A New History of Humanity

“The Dawn of Everything”: David Wengrow & the Late David Graeber

How ‘The Dawn of Everything’ rewrites 40,000 years of human history

Like Steven Pinker’s “The Better Angels of Our Nature: Why Violence Has Declined” or Jared Diamond’s “Gun, Germs, and Steel: The Fates of Human Societies,” Graeber and Wengrow look at archeological and anthropological evidence to make a sweeping case about the nature of humanity and historical development. Their 705-page book touches on everything from consensus decision-making in Buddhist monasteries 2,000 years ago in South Asia to the negative assessments of the culture of European settlers in the pre-Enlightenment era made by the Native American Wendat confederacy of Lake Ontario.

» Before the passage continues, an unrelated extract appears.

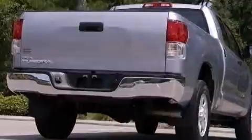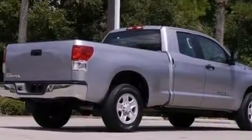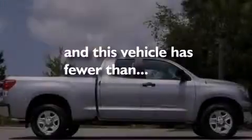Rear seat child proof door locks, cruise control, full power accessories, and this vehicle has less than 15,000 miles.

The last 30,000 to 40,000 years, the authors argue, people have tactically alternated among small and large social setups. Some social systems featured ruling elites, operating stiffs and enslaved human beings. Others emphasized decentralized, collective selection making. Some were run by means of guys, others through women. The massive question — -one the authors can’t but answer —- is why, after tens of heaps of years of social flexibility, many human beings today can’t conceive of how society might efficiently be reorganized.


David Graeber and David Wengrow, entitled The Myth of the Stupid Savage: Rousseau’s Ghost and the Future of Political Anthropology.
– presented at the University of Amsterdam in May 2019.